[AVAILABLE DATA]
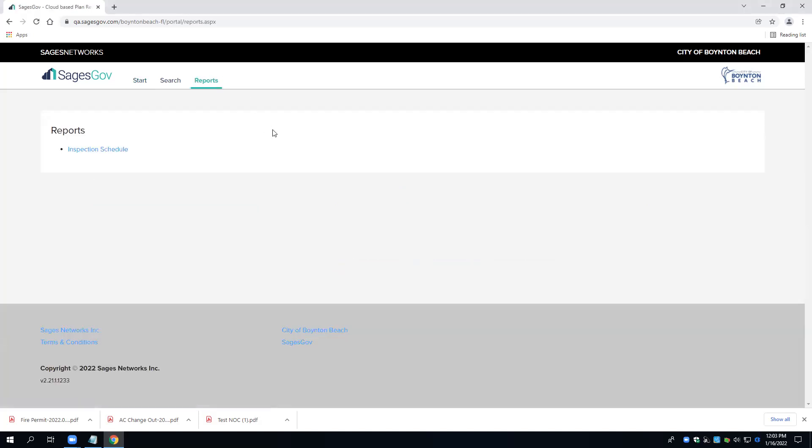Beginning Tuesday, January 18th, SagesGov permits will now allow scheduling in SagesGov. If your application number is greater than 220383, your inspection scheduling will be done in the SagesGov.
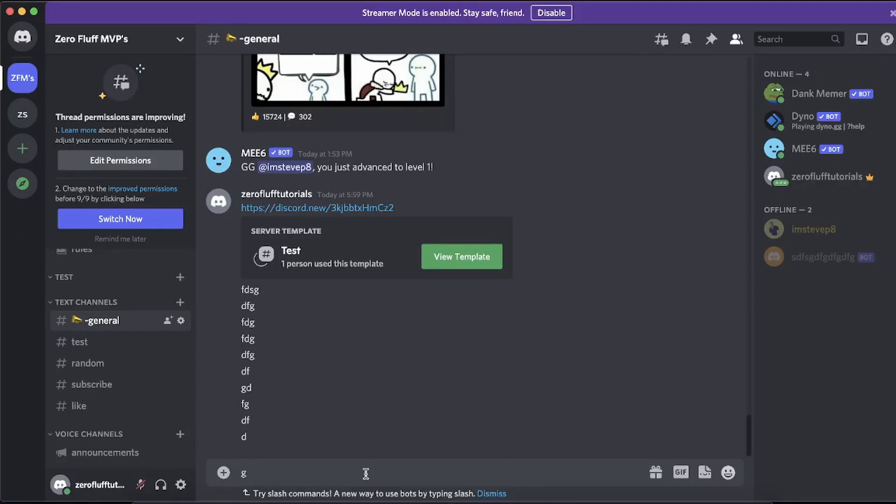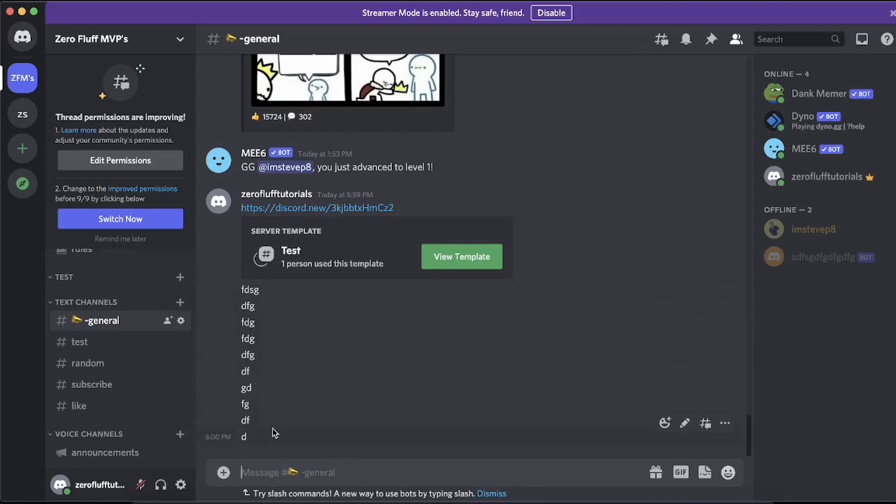In this video, I'm going to show you how to disable slow mode in Discord. If you want to send messages really fast without any limitations, you can disable slow mode so people have the option to do that.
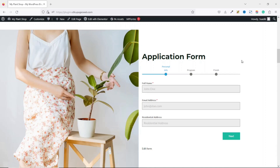In this video I'm going to show you how to create a multi-step form in WordPress. This is how our form will look like after we are finished creating it. You see that I have Personal Info as step one, Program as step two, and then Finish as step three.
[/AVAILABLE DATA]
• _WORK TO COMPLETE_
Above is a listing with pictures. Write it out exactly without them.

• _TASK SOLUTION_
Beginning Tuesday, January 18th, SagesGov permits will now allow scheduling in SagesGov. If your application number is greater than 220383, your inspection scheduling will be done in the SagesGov.
In this video, I'm going to show you how to disable slow mode in Discord. If you want to send messages really fast without any limitations, you can disable slow mode so people have the option to do that.
In this video I'm going to show you how to create a multi-step form in WordPress. This is how our form will look like after we are finished creating it. You see that I have Personal Info as step one, Program as step two, and then Finish as step three.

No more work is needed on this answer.